La troisième génération (1960-1970) est caractérisée par une plus grande manœuvrabilité, des capacités multi rôles (air-air et air-sol). Les moteurs plus puissants, les équipements de bord et les systèmes d’armes sont plus avancés avec un début d’intégration : MiG 23 et 25 et le Sukhoi SU-15, les F-4 et F-5, le Jaguar, le Mirage F1 et le Super Etandard;

La quatrième génération (1970-1990) est la plus répandue aujourd’hui. L’intégration des systèmes est la règle (radars, communications, armes), ce sont des appareils multirôles capables d’effectuer différentes missions au cours d’une même sortie. Ces avions sont, pour la plupart, en cours de modernisation. Parmi les nouveautés ajoutées, on peut noter le GPS, des systèmes de vision nocturne, de nouveaux systèmes de navigation, de guidage laser pour le ciblage, des casques pour pilote « interactifs » (meilleure vision, affichage d’informations). Ce sont par exemple les MiG 29 et 31, Sukhoi SU-27, F-14, F-15, F-16 et F-18, AV8 Harrier, Tornado, Mirage 2000 et Viggen;

La génération 4.5 est apparue les toutes dernières années du XXe siècle. Les avions sont supérieurs en performances à la quatrième génération et ont des capacités proches de celles de la cinquième génération. L’intégration des systèmes inclut dorénavant la composante humaine à travers des interfaces homme-machine, l’informatisation est presque totale, et ce sont des systèmes conçus pour les opérations en réseau. Ils ont des caractéristiques relevant de la furtivité, que ce soit au niveau des matériaux ou de la conception destinée à réduire leur signature radar. Ces appareils sont presque tous multirôles et multimissions, par tout temps, de jour comme de nuit : on peut citer les Sukhoi SU-33 et SU-35, le F-18 Super Hornet, l’Eurofighter Typhoon, et le Rafale.
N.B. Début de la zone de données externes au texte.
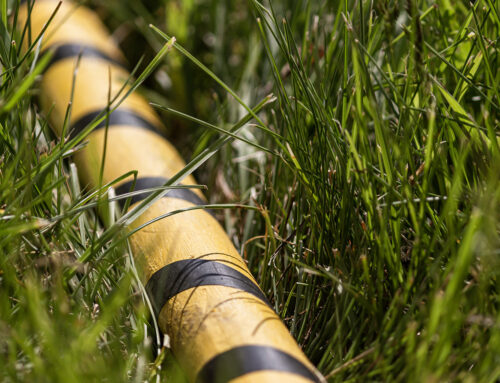 Updated Schedule & Upcoming 2025–2026 Practice Dates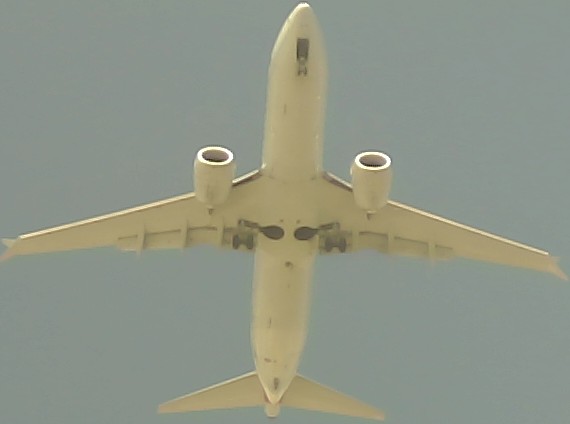 Airplane Picture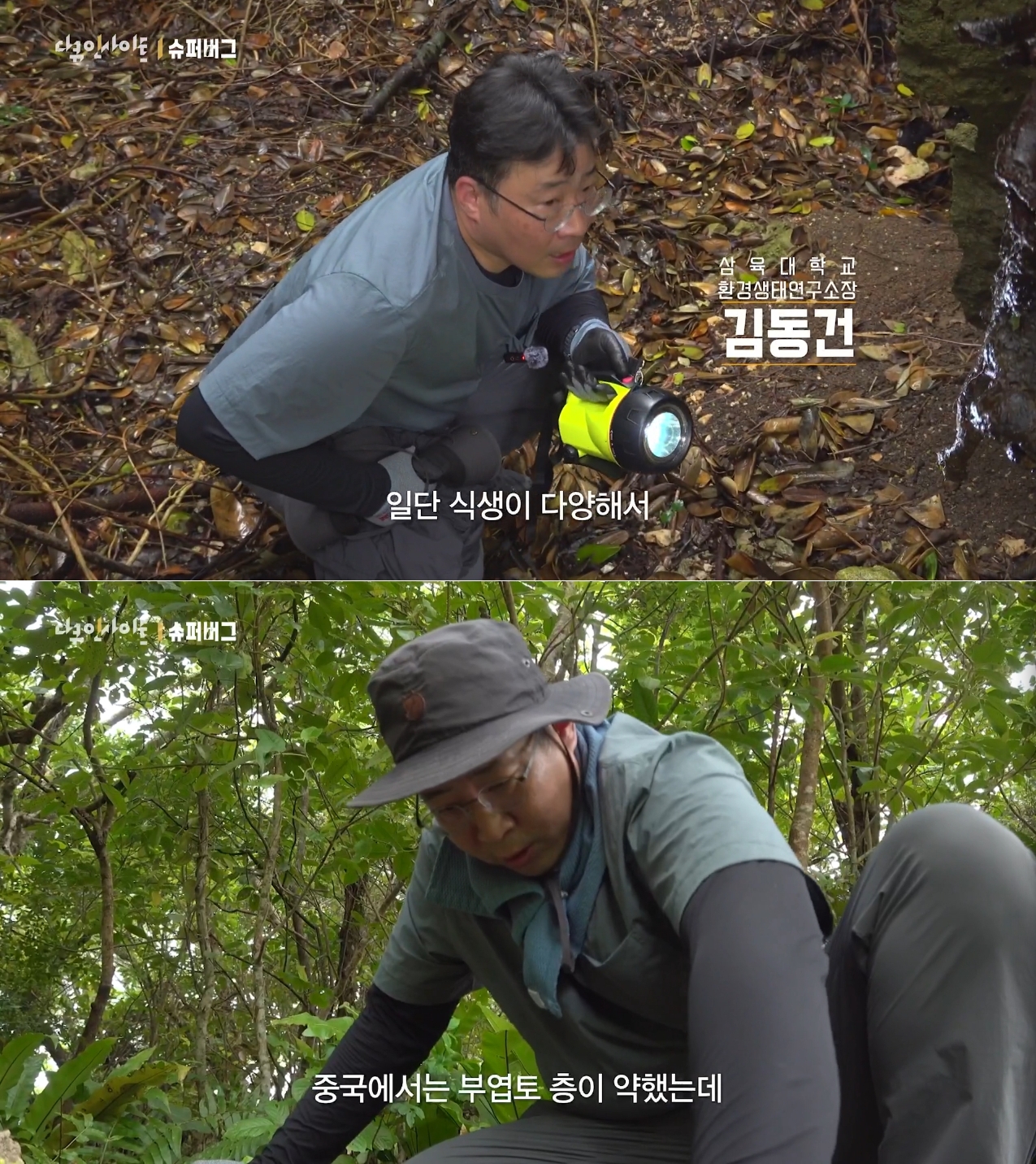 [KBS] 김동건 교수 ‘다큐 인사이트’ 출연… '러브버그' 대발생 해법 제시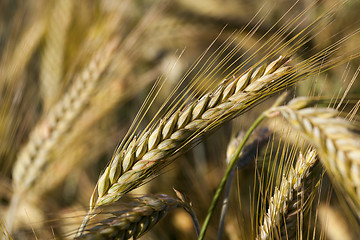 Image showing ripe yellow cereals  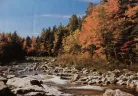 Poszter 1015-ös, Hegyi patak ősszel, panoráma poszter (384x 263 cm)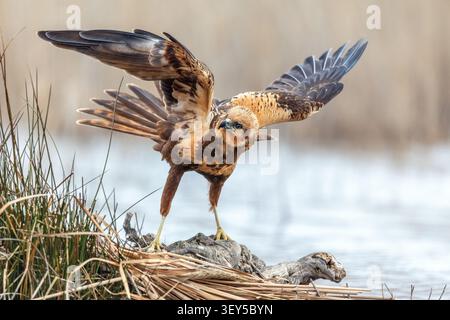 Marsh Harrier; Circus aeruginosus; Female; Wings Spread; Spagna Foto Stock
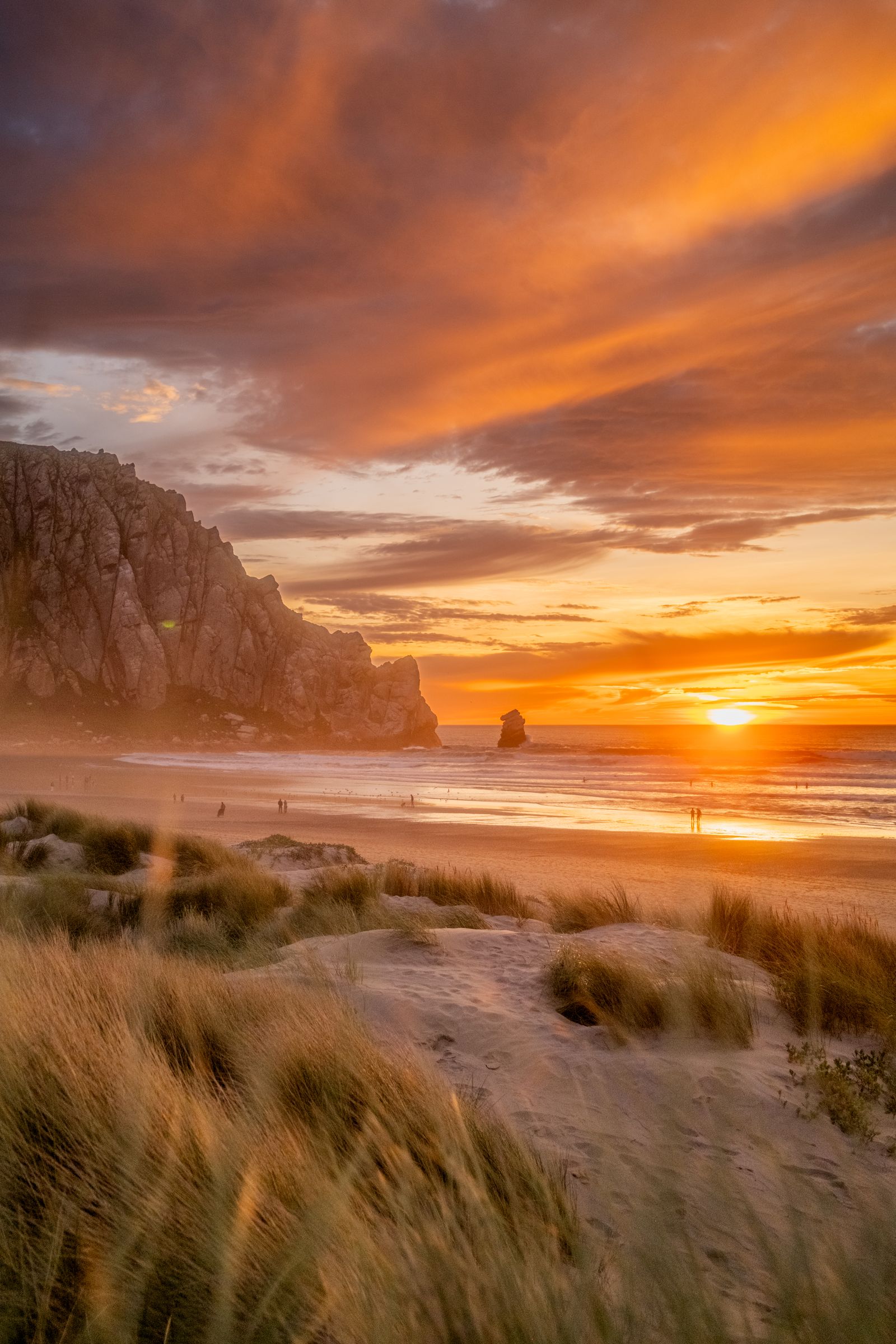 Orange sunset over a rocky headland and sea stacks, beach grass in the foreground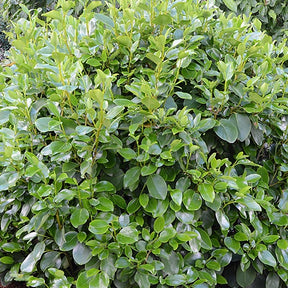 Griséline Ardmore Emerald Grisélinie du littoral Ardmore Emerald - Willemse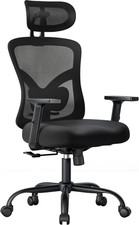 Ergonomic Office Chair with Padded Lumbar Support, 2D Headrest, Adjustable Armre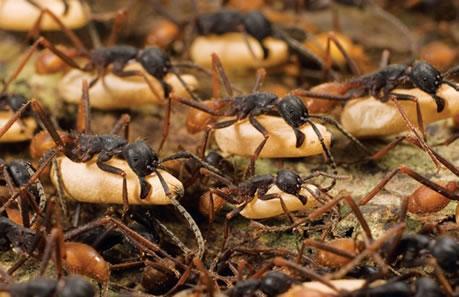Un anciano es comido vivo por las hormigas – NOTICIAS DE MIEDO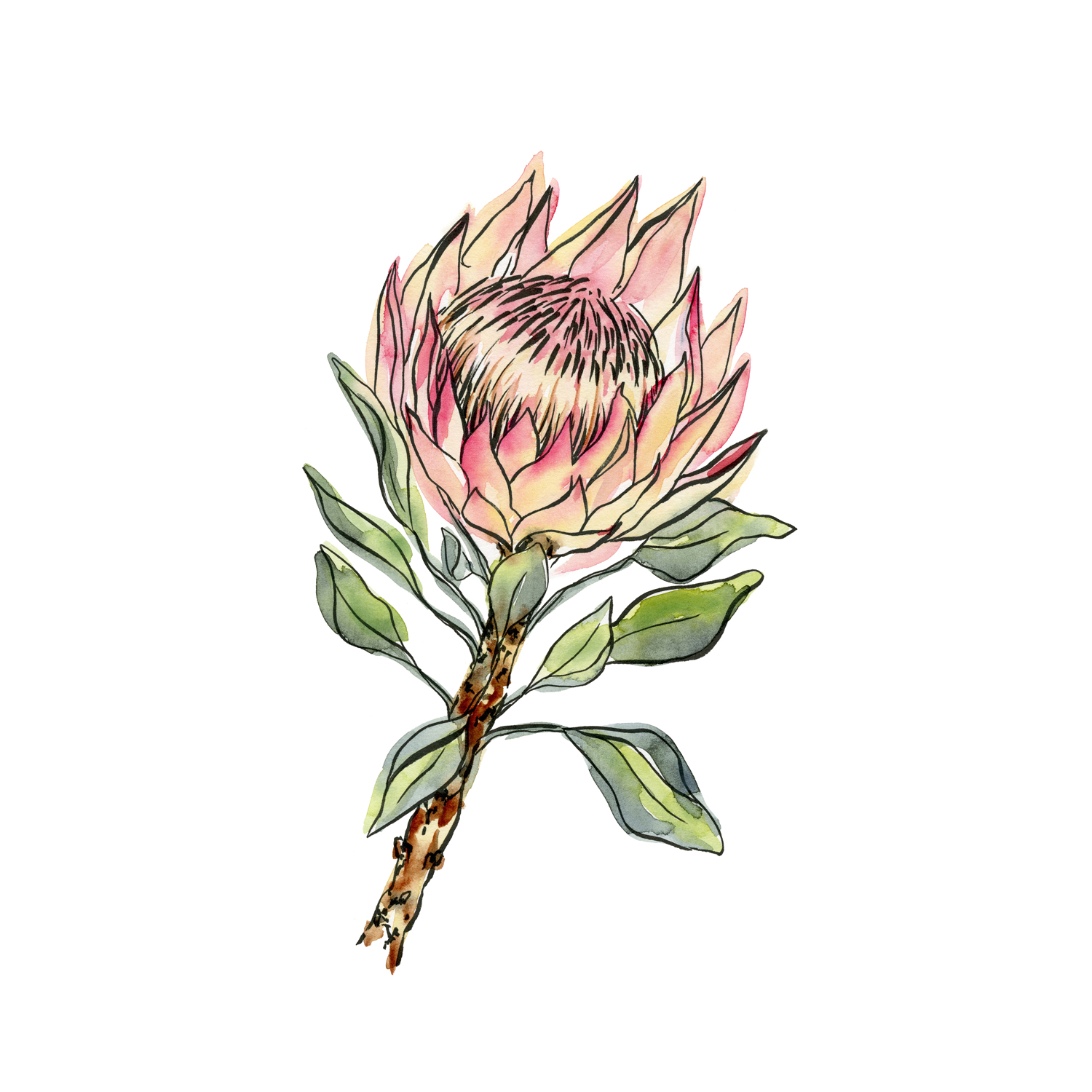 wall-art-print-canvas-poster-framed-Watercolour Protea , By Jessie Mitchelson-GIOIA-WALL-ART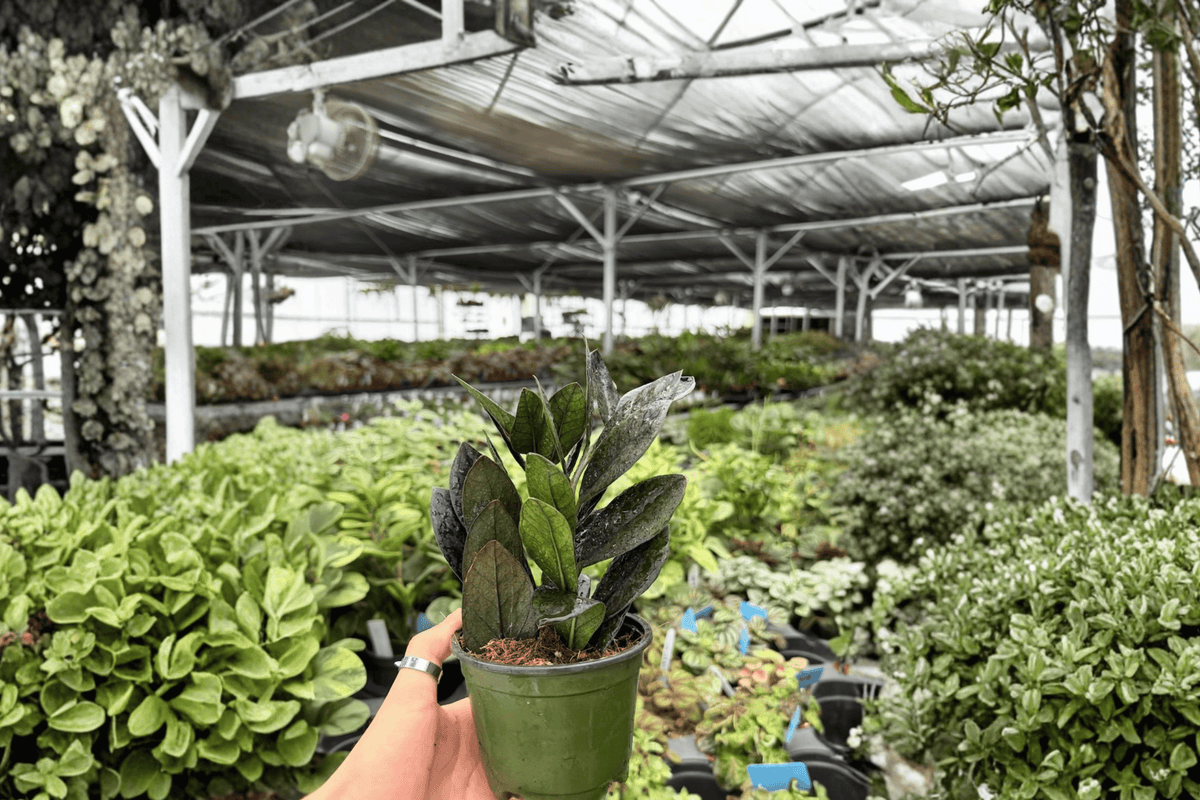ZZ Black Queen 2 Exact Live Plants – 4-Inch Pots – Zamioculcas zamiifolia 'Black Queen'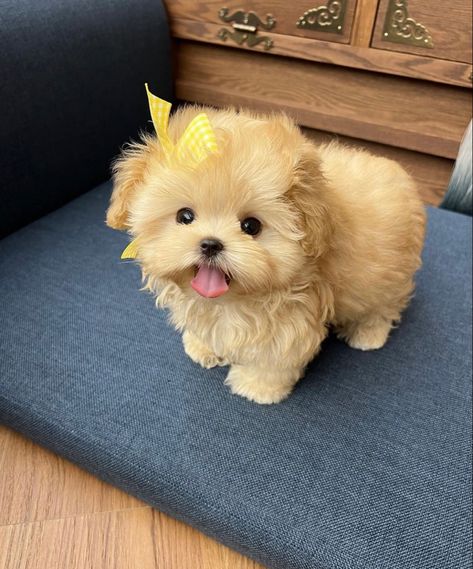 Cute Dogs Funny, Bear Dog Breed, Teacup Maltipoo, Dog Fever, Maltipoo Puppies For Sale, Maltipoo Puppies, Cute Teacup Puppies, Teacup Puppies For Sale, Puppy Grooming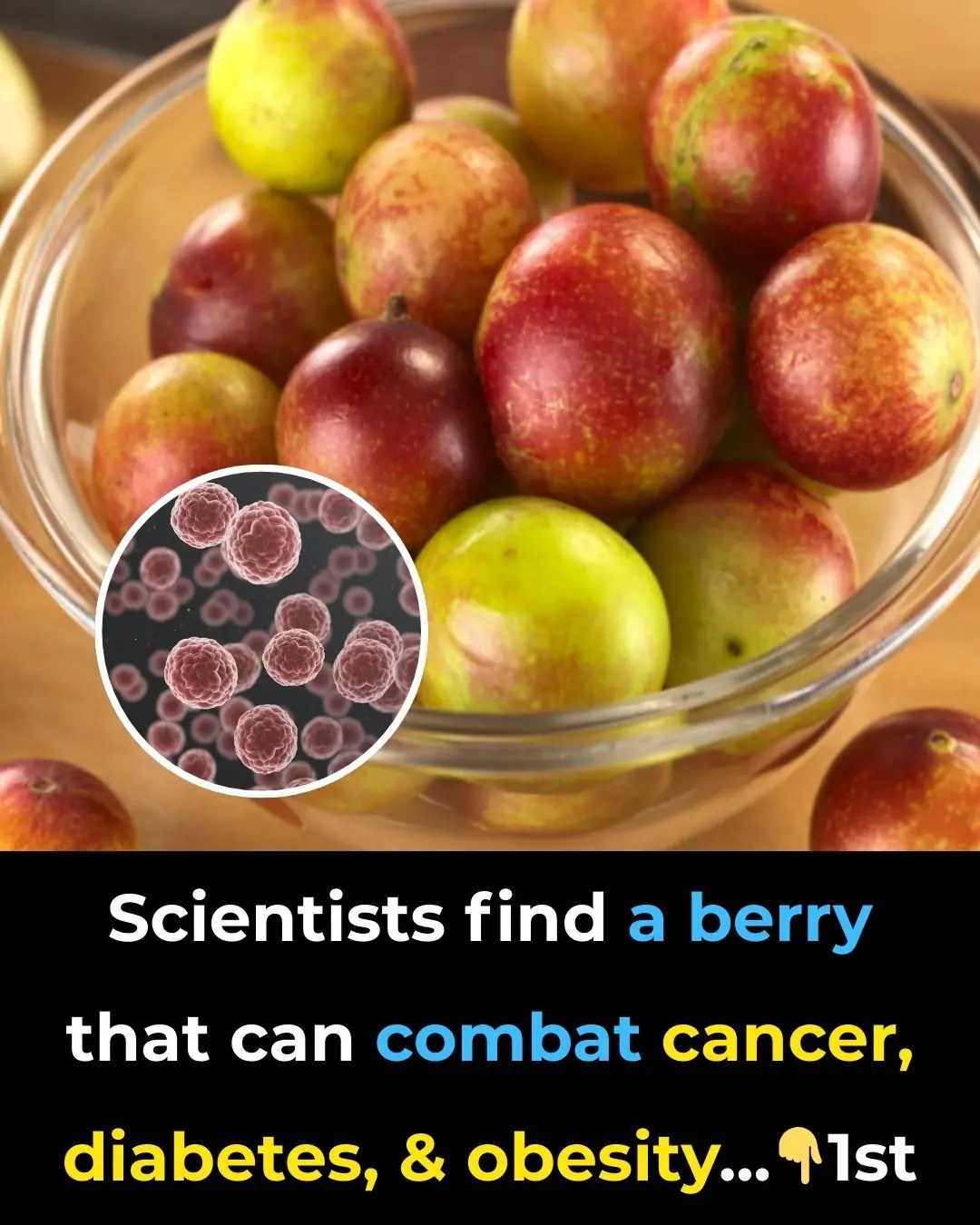Scientists find a berry that can combat cancer, diabetes, and obesity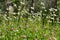 Wild flowers in green meadow to attract insects - nature background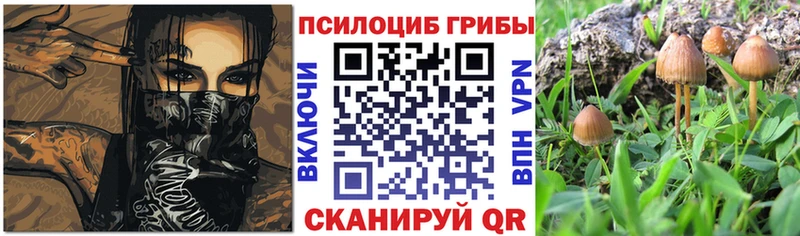 MEGA ССЫЛКА  Александровск-Сахалинский  Псилоцибиновые грибы Cubensis  площадка состав  сколько стоит 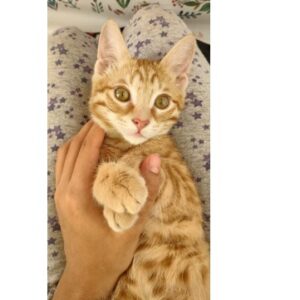 گربه سر حال پر انرژی نارنجی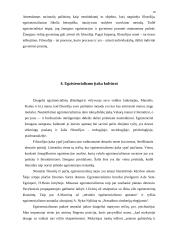 Žmogaus būtis egzistencionalizme 10 puslapis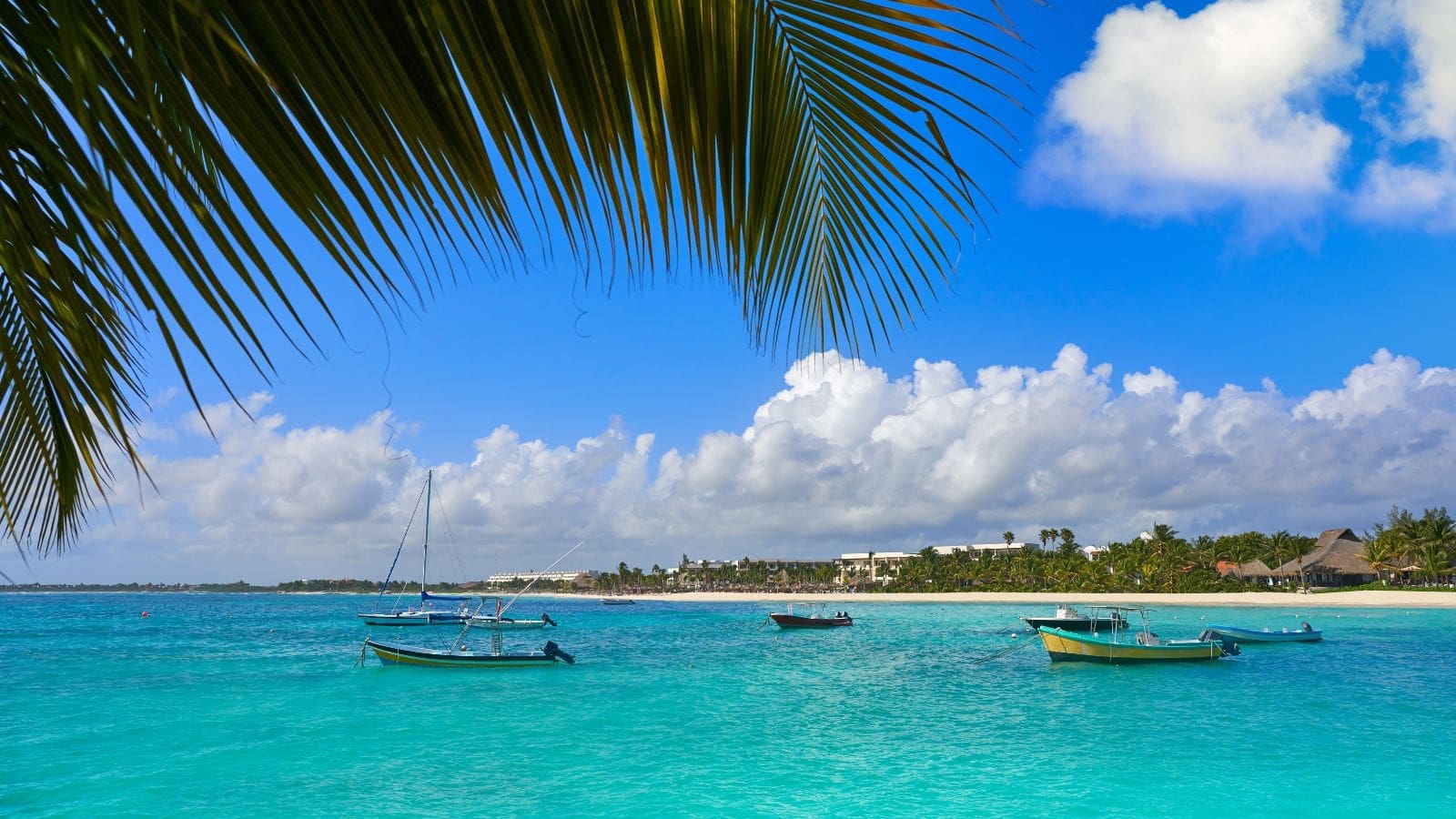 photo of Akumal Bay in Mexico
Ces deux dernier appareils sont très proches de la cinquième génération;

La cinquième génération se caractérise par une combinaison entre systèmes : furtivité, composante humaine et l’intégration réseau global C4ISTAR. Ce sont de véritables centrales informatiques, capables de combats air-air, d’attaque au sol, de défense antimissile tactique, de suppression des défenses aériennes, de frappe en profondeur, de commandement et contrôle de drones ou d’essaims de drones. La puissance de feu est polyvalente, la vitesse et la manœuvrabilité sont accrues. Les autorités militaires américaines classent le F-22 Raptor et le F-35 Lightning II JSF dans cette catégorie.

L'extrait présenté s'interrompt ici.